*Exercise goal*
Set the pictures aside and write down, exactly as they appear, the lines from the one containing "Gallery image thumbnail" through the end of the material.

*Recorded data*
+++++

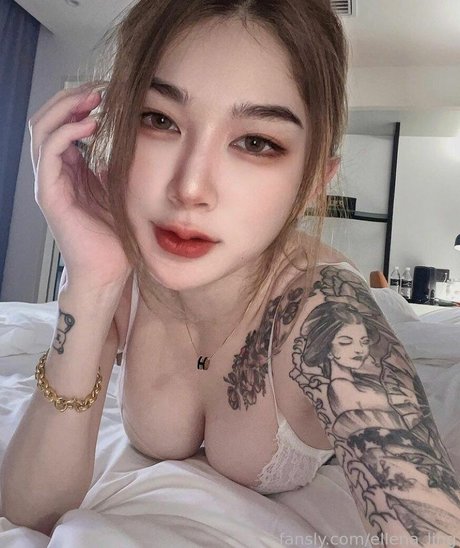 Обнаженная фотография утечки OnlyFans от Ellenaling33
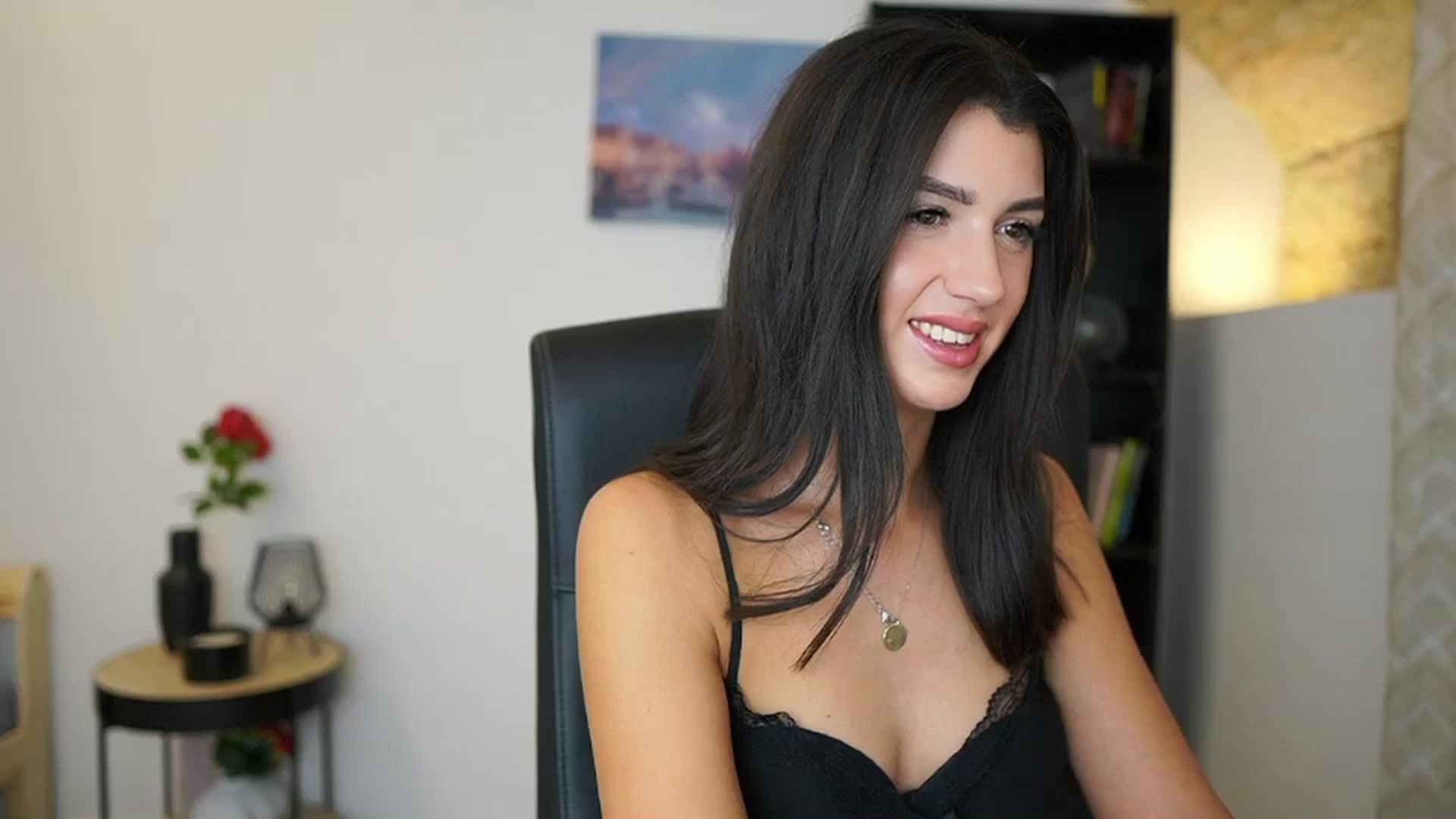 Gallery image thumbnail from Julia_Roca's myfreecams stream on, 12/14/2023, 14:26 image 16 of 20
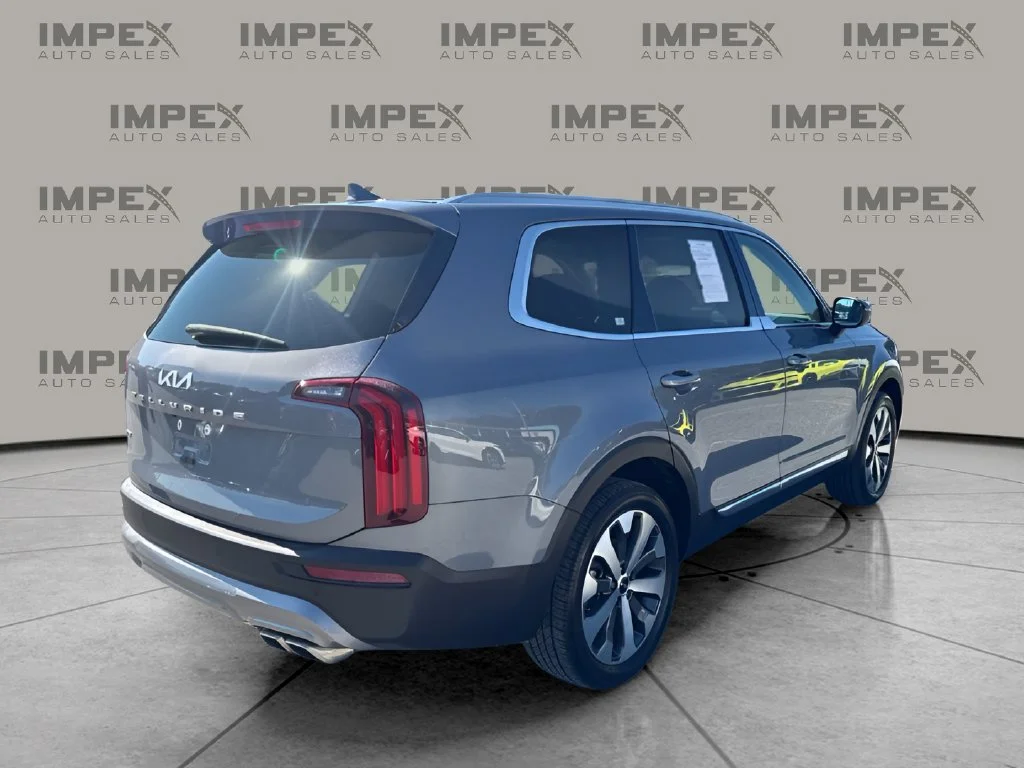 Used 2022 Silver Kia EX image 5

+++++

*Response area*
 Gallery image thumbnail from Julia_Roca's myfreecams stream on, 12/14/2023, 14:26 image 16 of 20
 Used 2022 Silver Kia EX image 5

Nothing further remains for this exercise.